Episode Twenty-Three: The Trouble With Women

Original Air-Date:
20/2/1970
Duration: 50'49m
Screenplay by: Tony Williamson
Directed By: Cyril Frankel
Availability: Try store



Starring: Mike Pratt (Jeff Randall), Kenneth Cope (Marty Hopkirk) and Annette Andre (Jean Hopkirk).

Guest-Starring: Paul Maxwell (Alan Corder), Denise Buckley (Susan Lang), Edward Brayshaw (Paul Lang), Robert Russell (Harry), Nik Zaran (Brin), Gwen Nelson (Mrs. Halloway), Arnold Diamond (Poker player), Neal Arden (Second player), Frederick Treves (Inspector), Howard Goorney (1st Ghost), Harry Hutchinson (2nd Ghost) and Keith Grenville (P.C. Russell)

Technical Personnel: Ronald Liles (Production Supervisor), Gerald Moss (Director of Photography), Charles Bishop (Art Director), Cyril Frankel (Creative Consultant), Edwin Astley (Musical Director), Philip Aizlewood (Post Production), Clifford Robinson (Associate Art Director), Jack T. Knight (Editor), Jack Morrison (Production Manager), Jack Lowin (2nd Unit Director), Brian Elvin (2nd Unit Cameraman), Denis Porter/Len Shilton (Sound Recordists), Guy Ambler (Sound Editor), Alan Willis (Music Editor), John Owen (Casting), Sue Long (Set Dresser), Bill Greene (Construction Manager), Val Stewart (Camera Operator), Michael Meighan (Assistant Director), Elizabeth Woman (Continuity), Peter Dunlop (Production Buyer), Gerry Fletcher (Make-Up Supervisor), Jeannette Freeman (Hairdresser), Laura Nightingale (Warbrode Supervisor), A. J. Van Montagu (Scenic Artist), Frank Maher (Stunt Co-Ordinator), Cinesound (Sound Effects Suppliers), Chambers + Partners (Titles), Dennis Spooner (Creator/Executive Story Consultant) and Monty Berman (Producer). An ITC Production.


Jeff: In For The Girl Who Has Everything Jeff claims he can't afford an electric razor. As he has one in his office here we can assume that times have gone better in the interim.
Jeff Scraps: Jeff alludes to taking a punch on the chin from an angry divorce client, then later gets a punch in the stomach from a casino bouncer.

Marty: Marty claims he can sense, yet not see, auras. His presence is also detected by Susan Lang, who notes that "it's getting very cold in here" when Marty stands over her shoulder.
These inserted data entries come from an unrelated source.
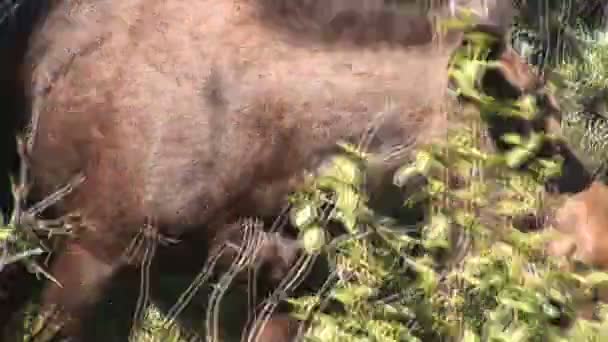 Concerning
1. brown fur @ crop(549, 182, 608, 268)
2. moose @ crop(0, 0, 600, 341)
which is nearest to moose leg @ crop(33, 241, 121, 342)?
moose @ crop(0, 0, 600, 341)

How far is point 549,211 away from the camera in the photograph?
231cm

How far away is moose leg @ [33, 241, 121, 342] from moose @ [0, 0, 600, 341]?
0.04 metres

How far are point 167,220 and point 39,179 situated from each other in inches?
15.7

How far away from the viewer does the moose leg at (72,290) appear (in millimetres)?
3100

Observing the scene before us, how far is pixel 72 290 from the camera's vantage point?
317cm

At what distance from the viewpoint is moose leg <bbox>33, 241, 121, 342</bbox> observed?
3100 mm

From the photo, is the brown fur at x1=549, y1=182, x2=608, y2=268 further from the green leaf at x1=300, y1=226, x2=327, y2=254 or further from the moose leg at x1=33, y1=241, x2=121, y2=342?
the moose leg at x1=33, y1=241, x2=121, y2=342

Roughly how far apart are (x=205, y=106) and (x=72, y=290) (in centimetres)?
75

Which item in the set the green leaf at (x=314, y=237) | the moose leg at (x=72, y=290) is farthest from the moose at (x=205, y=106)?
the green leaf at (x=314, y=237)

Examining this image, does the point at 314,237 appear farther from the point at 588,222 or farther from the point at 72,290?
the point at 72,290

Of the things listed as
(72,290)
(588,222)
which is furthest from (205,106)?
(588,222)

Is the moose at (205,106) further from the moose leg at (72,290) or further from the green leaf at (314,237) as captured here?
the green leaf at (314,237)

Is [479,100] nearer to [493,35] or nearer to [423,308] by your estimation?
[493,35]

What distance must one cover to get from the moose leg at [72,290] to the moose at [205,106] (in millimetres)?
36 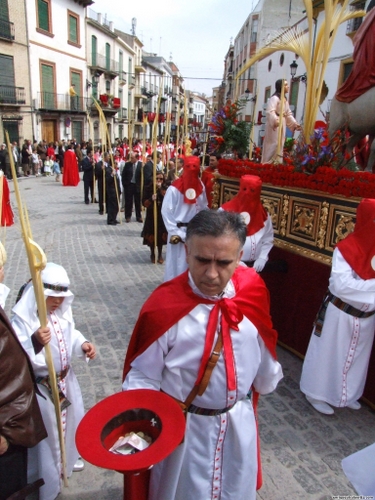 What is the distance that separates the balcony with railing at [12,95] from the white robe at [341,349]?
22.9 meters

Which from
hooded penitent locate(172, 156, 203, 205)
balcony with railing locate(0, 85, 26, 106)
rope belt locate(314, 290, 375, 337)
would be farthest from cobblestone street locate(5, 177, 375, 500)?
balcony with railing locate(0, 85, 26, 106)

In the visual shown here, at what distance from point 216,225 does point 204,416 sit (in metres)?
0.97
Jeannie: Jeannie is owed backpay by Jeff at the start of the story.

Story: Jeff is on a late-night divorce case on Sycamore Street. However, as he falls asleep in his car he is awoken by a man falling dead against his window. With the murderers driving off unseen Jeff is arrested under suspicion of murder.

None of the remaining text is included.